Enfin, des propositions soulèvent de sérieuses questions juridiques si nous voulons éviter de tomber dans un régime d'exception, comme le placement sous bracelet électronique ou en internement d'office de toute personne faisant l'objet d'une fiche S , même lorsqu'il n'existe à son encontre que de simples soupçons ou renseignements non recoupés. Celles-ci soulèvent de graves problèmes de droit par rapport à la Constitution et à nos obligations internationales. Dans un esprit constructif et d'unité nationale, le Président de la République a proposé de les soumettre au Conseil d’État, et ce, pas uniquement pour savoir si elles sont conformes à la Constitution, monsieur Wauquiez, mais pour bien analyser leur conformité aux conventions internationales.

Je vous invite à les affiner, à les formuler, à les travailler ; le Gouvernement est prêt à une discussion afin que toute proposition efficace et conforme aux accords internationaux dont nous sommes partie puisse être signée, encadrée, intégrée dans une réforme constitutionnelle.
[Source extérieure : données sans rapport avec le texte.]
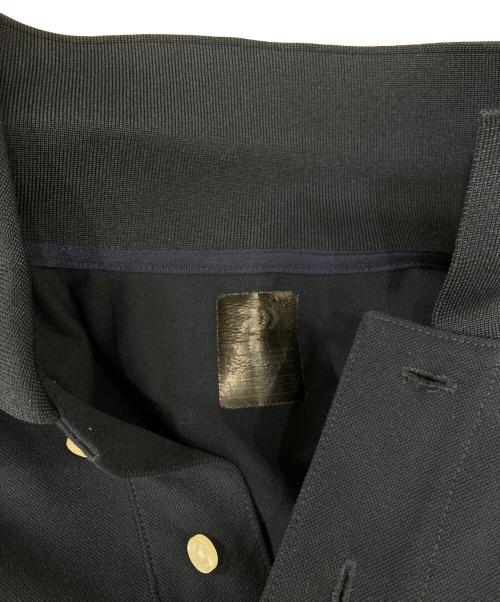 DAIWA PIER39（ダイワ ピア39）DAIWA PIER39 (ダイワ ピア39) TECH POLO SHIRTS L/S ネイビー サイズ:Ｌの古着・服飾アイテム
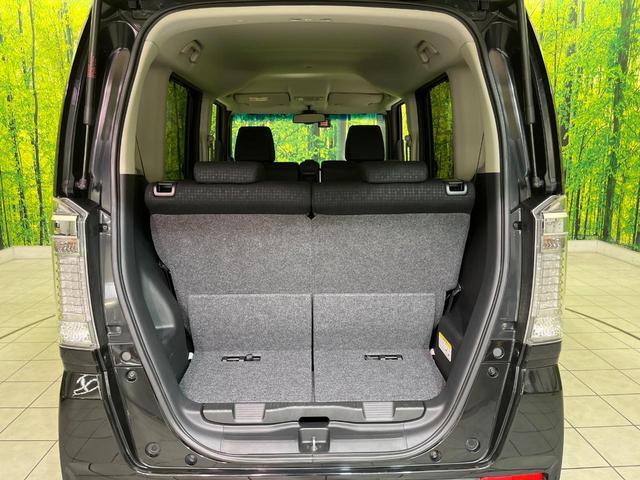 N-BOXカスタム G・Lパッケージ 両側電動ドア ナビ バックカメラ 衝突軽減装置 スマートキー HIDヘッド ETC 純正14インチAW オートライト オートエアコン Bluetooth再生 シートバックテーブル 横滑り防止装置(10枚目)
M. Guy Geoffroy. On va attendre combien de morts encore ?

M. Pascal Terrasse. On attend la proposition ! Ils n'en ont aucune !

M. Manuel Valls, Premier ministre. Je vous rappelle que le Conseil d’État avait en effet considéré en 2012 que cette proposition était disproportionnée. Nous sommes prêts à examiner toute solution.

Enfin, je voudrais dire que ce gouvernement, qui est à l'écoute de l'ensemble de la représentation internationale, n'a pas non plus attendu l'opposition pour renforcer la protection des Français, ce dont témoigne la loi relative au renseignement qui, sans y être exclusivement consacrée, comporte des dispositions spécifiques en matière de terrorisme. Le recours aux nouvelles techniques de renseignement sera particulièrement utile. De même, la création d'une filature électronique permanente des djihadistes était une nécessité opérationnelle forte, et le Gouvernement mettra cette disposition en œuvre dès lors que la proposition de loi actuellement soumise à l'examen du Conseil constitutionnel sera promulguée.

Monsieur Wauquiez, nous sommes ouverts à cette discussion. Vous voulez parler du passé, mais je ne suis pas sûr que cela intéresse les Français.

M. Jean-Charles Taugourdeau. Et ça, ce n'est pas de la polémique ?

M. Manuel Valls, Premier ministre. Pour ma part, je pourrais vous parler de ceux qui ont pris la responsabilité de dissoudre les renseignements généraux, c'est-à-dire le renseignement territorial. (Applaudissements sur les bancs du groupe socialiste, républicain et citoyen. – Exclamations sur les bancs du groupe Les Républicains.) Je pourrais vous parler – ce serait si facile – de la suppression des 13 000 postes de policiers et de gendarmes qui a affaibli l'appareil sécuritaire. (Nouveaux applaudissements sur les bancs du groupe socialiste, républicain et citoyen. – Brouhaha sur les bancs du groupe Les Républicains.) Ce type de débat n'intéresse pas nos compatriotes, monsieur Wauquiez ; ce qui les intéresse, et nous pouvons nous accorder sur ce point, c'est la sécurité des Français. Avec le Gouvernement et avec la représentation nationale, au sens le plus large possible, je m'engage à tout faire pour assurer la sécurité des Français.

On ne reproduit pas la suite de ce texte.